Mika is undboutably one of the most outstanding accordion artists of the new Millennium. He has performed all over the world both solo and in concert with other internationally acclaimed artists and orchestras. He has an impressive list of recordings and is responsible for commissioning many new works for accordion.

In addition to his busy concert and recording career, Mika also teaches the accordion at the Sibelius Academy in Helsinki as well as giving masterclasses and seminars around the world.

Accordions Worldwide visitors have followed Mika's career with considerable interest, we so are very excited to have this opportunity to share this interview with our readers around the world.

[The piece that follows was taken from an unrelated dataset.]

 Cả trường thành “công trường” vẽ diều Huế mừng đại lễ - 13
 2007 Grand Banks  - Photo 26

My sincere thanks to Mika for taking the time out of his busy schedule to do this interview. In addition, I would also like to offer my gratitude to the following who helped make this interview possible.

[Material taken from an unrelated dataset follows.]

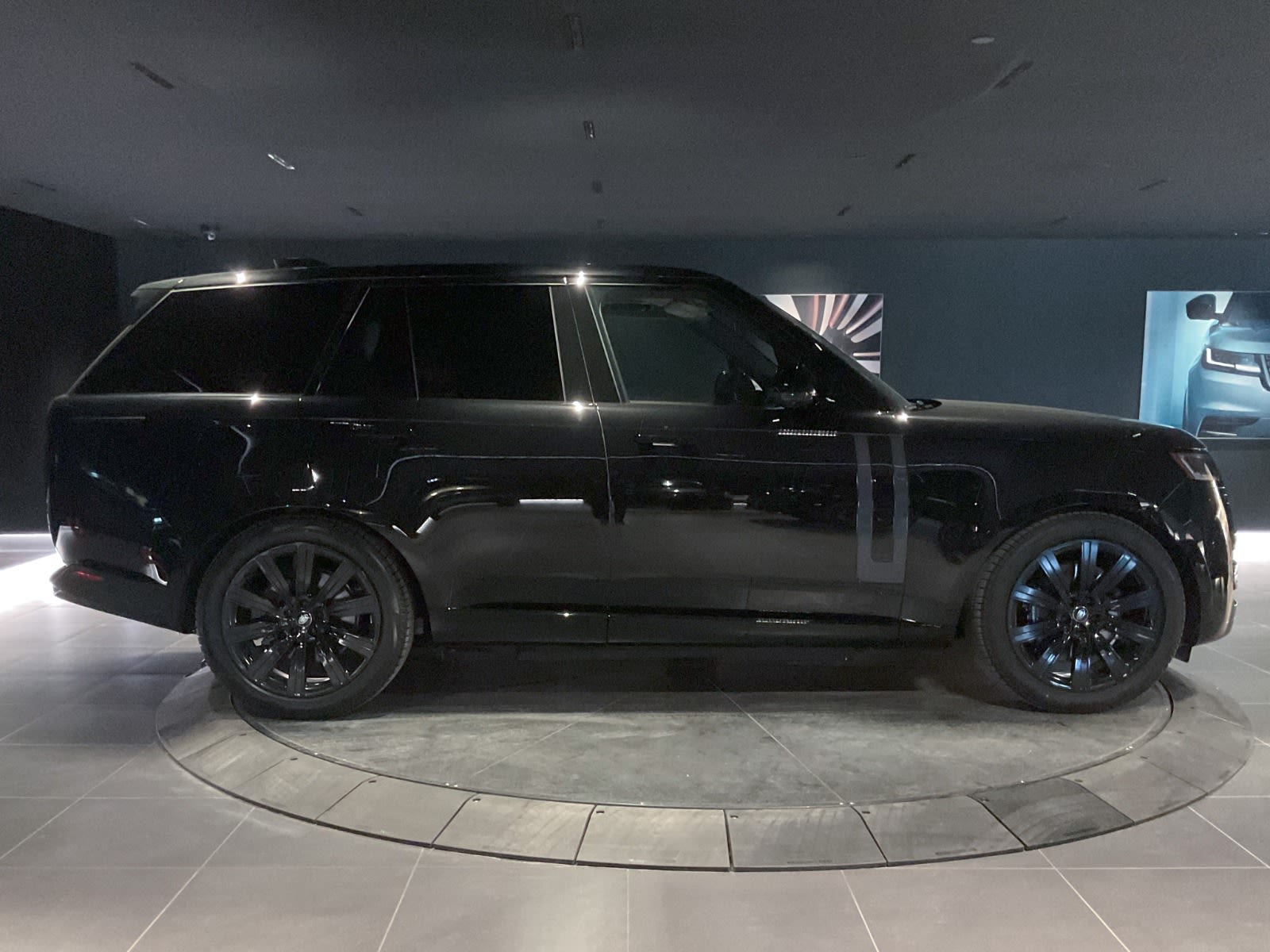 2025 Land Rover Range Rover SE, Vancouver, Cash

  • Finnish Ministry of Culture - Helsinki
    (for their generous support of Accordions Worldwide)


Kevin Friedrich - Accordions Worldwide, USA

You were born in Helsinki. Was your family originally from there?
I'm not exactly sure where my family was originally from. My Mother and Father were living in Helsinki when I was born, however they divorced when I was just a baby.

When I was about five or six years old, I moved away from Helsinki to Tampere to live with my Great Grandmother.

So I was born in Helsinki, grew up in Tampere, and then after my schooling I returned to Helsinki.
How did you begin your music study and why did you choose the accordion?
I was living with my Great Grandmother and her daughter, (the sister of my grandmother.) I was living with these two ladies and it was the sister of my grandmother who was playing the accordion. She had a little old Weltmeister instrument.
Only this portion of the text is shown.